Strippers, drug dealers, and psychics (sometimes they’re the same person).
By Owen Campbell, ASX, December 2014
Somewhere in Oregon, a stripper boofed molly and fainted inside a hollow cake; she may have contracted giardia. Earlier, in California, an earthquake cracked the earth and released noxious spores of mold, afflicting those nearby with what is known as earthquake fever. Once, in Germany, an American GI met a German girl and took her back to Wisconsin only to disappear on her two years later. Paul Kwiatkowski takes these small stories, memories and diversions and binds them onto the skeleton of a larger narrative with photos of fires in barren fields, abandoned houses, mountains, roads and dashboards, strippers in their free time, grandpas and chopped pony tails. His latest work, Eat Prey Drug, is an eight-part webseries in slide-like page form. It blends fact, fiction and photography into a paranormal road trip across the united states, from LA to NorCal to Queens, stopping in between to visit strippers, drug dealers, and psychics (sometimes they’re the same person).
“I escaped the polar vortex by replacing it with another vortex: Los Angeles. I burned through winter in L.A., where — compared to the silvery winter of New York, with its edges like crumpled aluminum — it instead felt like being inside a sunny defunct fridge.” – Paul Kwiatkowski
His style is heavy doses of William S Burroughs with a sort of inversion of Jack Kerouac – Kwiatkowski is a peripatetic writer, yes, and he’s driving his car across the country and crashing with friends – but he prefers short sentences and never howls in the manic moonlight under the crazy, cosmic night. There’s also a (un)healthy dose of Cronenbergian body dysmorphia, as Kwiatkowski can reliably be found with mysteriously swelling appendages, radio-wave enduced headaches, boiling guts afflicted by a medium’s energy and other mysterious, spectral maladies.

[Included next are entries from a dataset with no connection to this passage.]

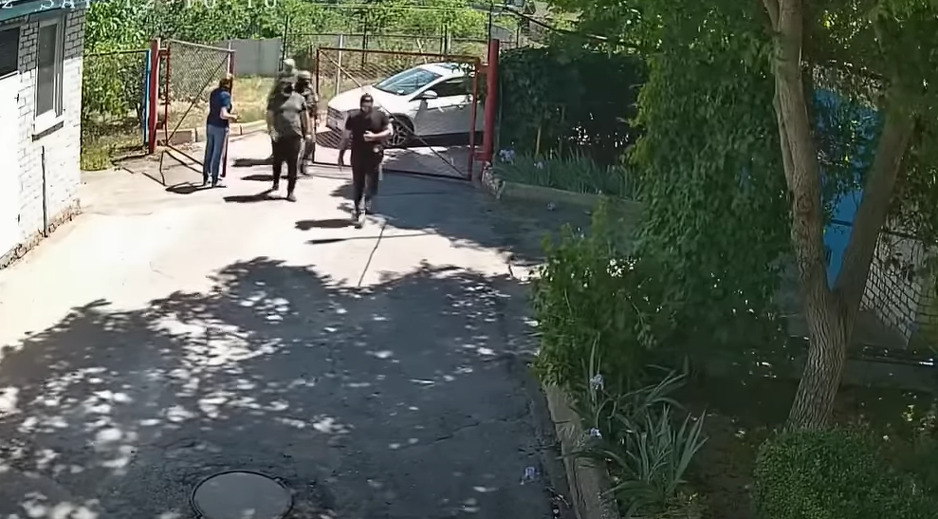 Trenutak kada Rusi ulaze u školu (Screenshot: Sky News)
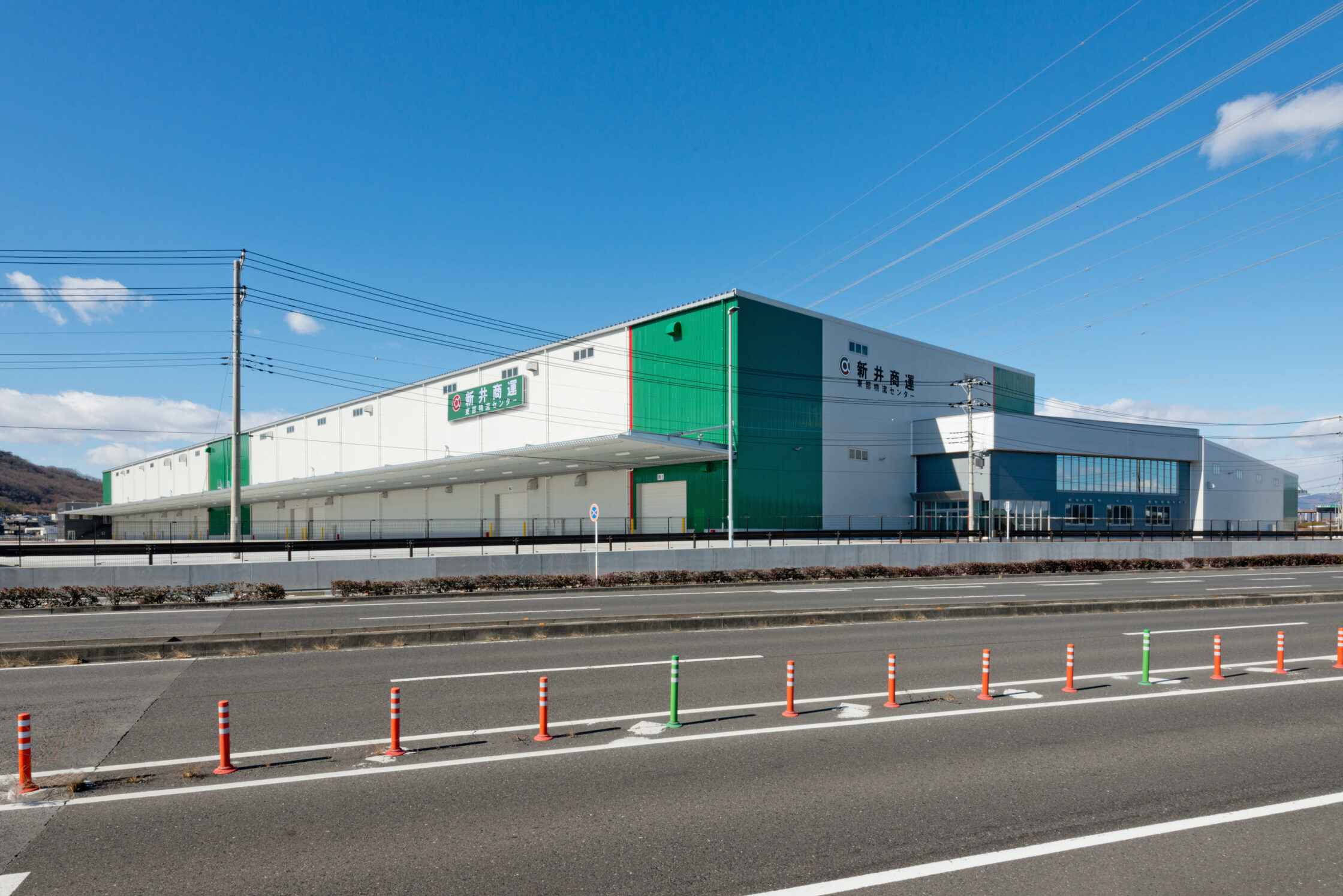 新井商運　東部物流センター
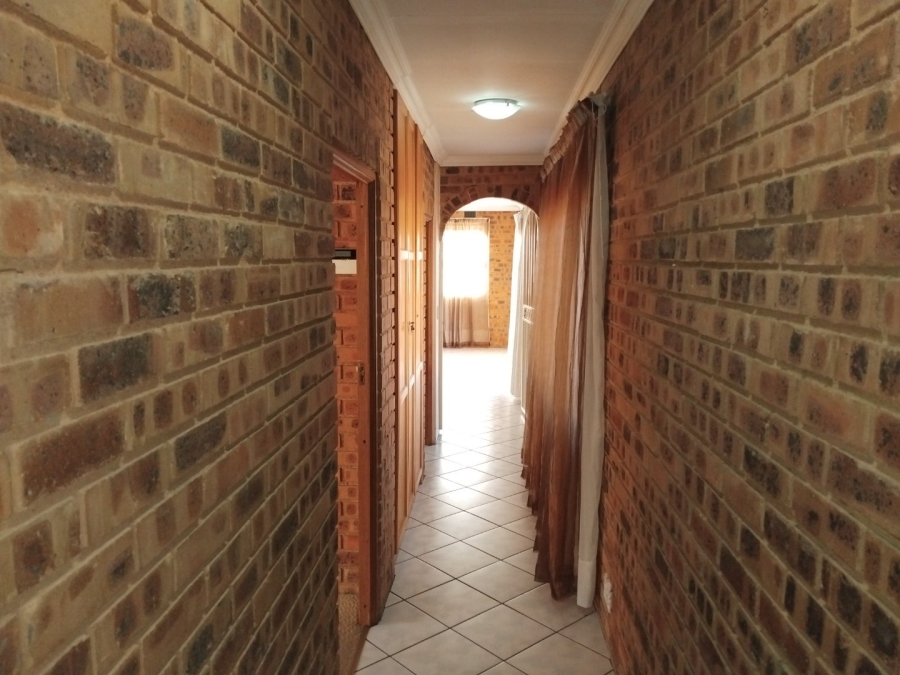 4 Bedroom Property for Sale in Primrose East Gauteng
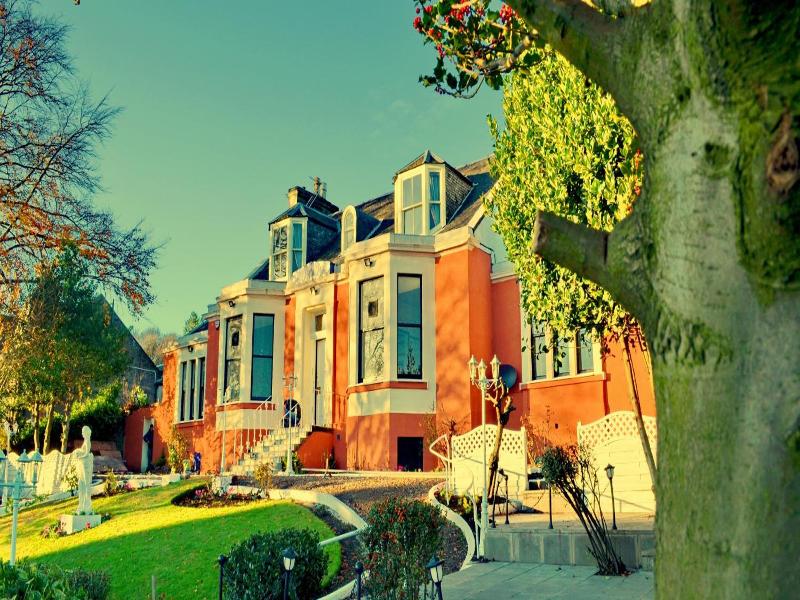 Tayview Hotel image
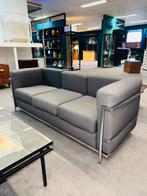 Design bank naar ontwerp Cassina Le Corbusier replica bank, Ophalen of Verzenden, A, A, A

from Eat, Prey, Drug @ Paul Kwiatkowski
They are constructed, part of the symbiotic push and pull between image and text.
Visually, Kwiatkowski is mixing images as he did in his illustrated novel, And Everything Was Overcast. The photos in Eat, Prey, Drug have a variety of provenances: found, borrowed, staged and documentary. Many of the images Kwiatkowski took himself have the feel of a found image, of the perfect coincidence of time and place intrinsic to gems of amateur photography, but that may be just because they’re shot in subdivisions and the Midwest, in cheap motels, in cars and empty parking lots, places underrepresented in the economy of professional image-making. These images, like those in David Lachapelle’s The Americans, are not “real” in the way their aesthetics would lead you to believe. They are constructed, part of the symbiotic push and pull between image and text.
“Another cantankerous motel. Beige curtains, bleached yellow, dotted with fly husks frozen over the air conditioner. Beyond, a diffused light show of corporate signage smeared in a spectral blur. Inside, sunlight barely reaching the floor. My vision never adjusts.” – Paul Kwiatkowski
In landscape, Kwiatkowski favors a thick atmosphere: fog, sand in the wind. One image shows a boy somewhere in Wisconsin; he’s small within the large frame and dark against the background of white-grey smoke rising from the burning field behind him. Why is there a little boy in a burning field? The narrative offers no direct explanation, but merely folds it into the succession of seemingly normalized paranormal phenomenon.
EPD occupies the interstices between gothic horror and science fiction and exhibits a fascination with what modernity had supposedly left behind, the supernatural. But the supernatural of EPD is one alloyed by technology; Kwiatkowski’s mission, so it seems, is a representation of the ghost in the machine. The supernatural, however, eludes the illuminating but sterile devices of modern capture, especially photography. What’s left visible is the supernatural as a lifestyle, Kwiatkowski’s vision of spiritual America.